My Ubuntu server shut itself off today and after looking at the /var/log/kern.log
it was because it overheated:
Sep 8 07:00:22 ipc2-server kernel: [289498.255583] QNX4 filesystem 0.2.3 registered.
Sep 10 20:04:00 ipc2-server kernel: [509336.574882] thermal thermal_zone1: critical temperature reached (100 C), shutting down
Sep 10 20:04:01 ipc2-server kernel: [509337.601860] thermal thermal_zone1: critical temperature reached (100 C), shutting down
This seems fine except it happened out of nowhere.
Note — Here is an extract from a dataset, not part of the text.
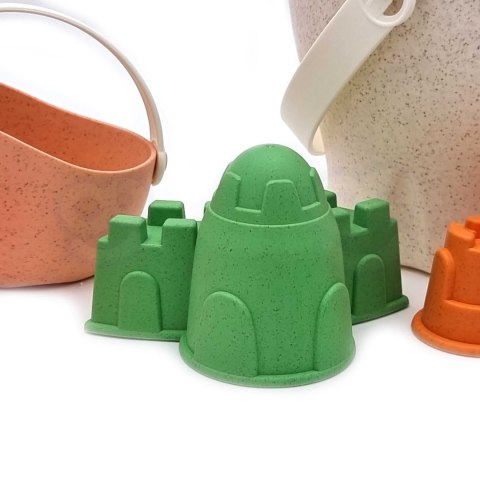 Woopie Let's Go Green WOOPIE GREEN Zestaw do Piasku w Wiaderku Zamki 8 el. BIODEGRADOWALNY ORGANICZNY MATERIAŁ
Looking at my Netdata logs shows that it went from a stable 44° Celsius t0 70° within 40 seconds at which point the server shutdown (The red curve slopping down from 70° is during the time the server was off):
As you can see only two sensors reported this change and the CPU utilisation was at 20% before the server shutdown:
Later you can see a normal heat spike from an increase in CPU usage when all temperature sensors report an increase in heat.
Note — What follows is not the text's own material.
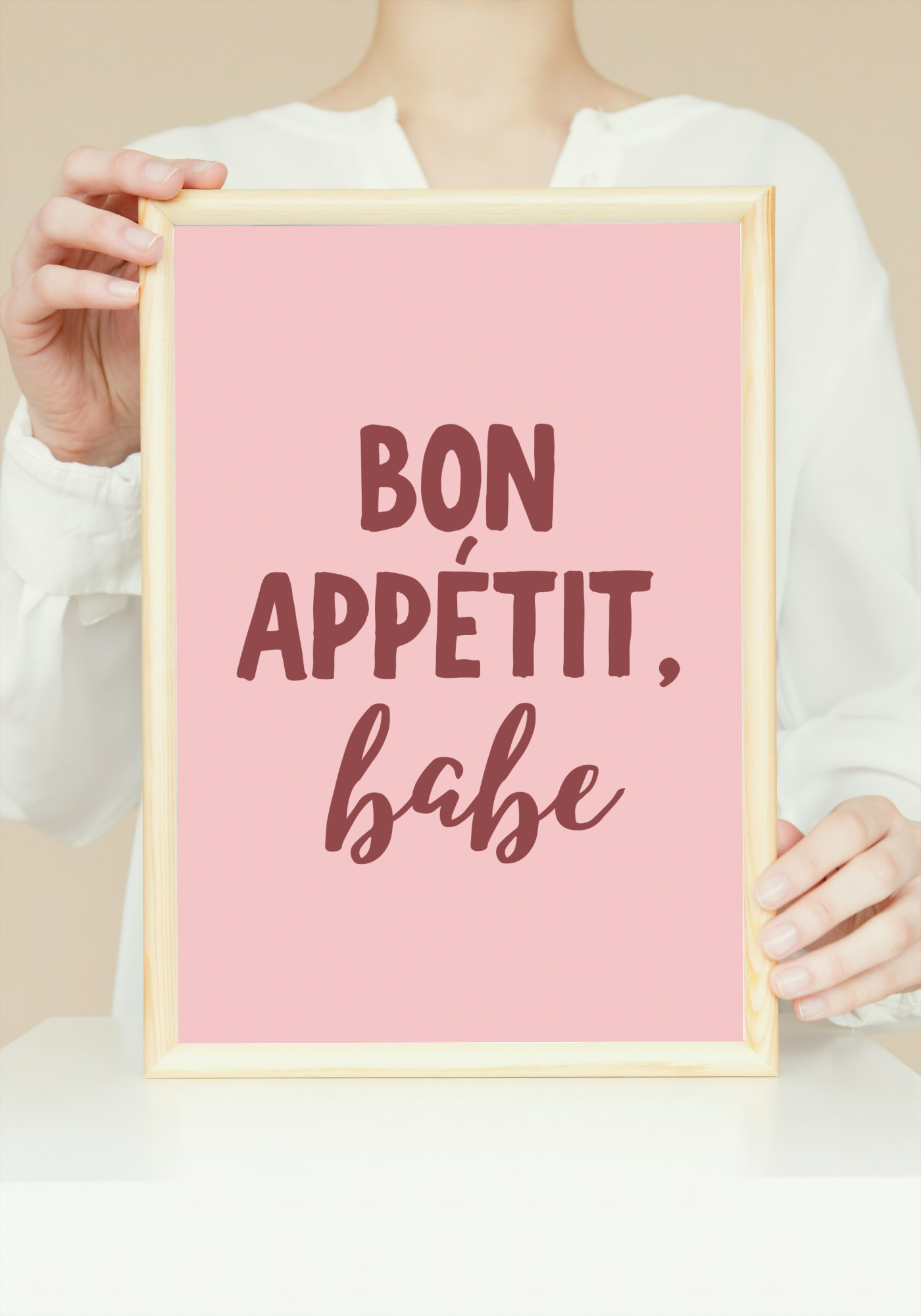 Bon Appetit Babe Wall Art Printable | Pink Kitchen Print | Girly Home Decor | Digital Download A4 and A5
This is the first time this has happened to me and brings up some questions.
- Are there any further logs I can use to investigate this issue to confirm it was a hardware failure or an actual overheat?
- Is it normal for temperature sensors to fail over time?
- Can they be replaced if that is the case?
- Can I change the behaviour of Ubuntu so that it shutdowns the server if all temperature sensors are reporting high values?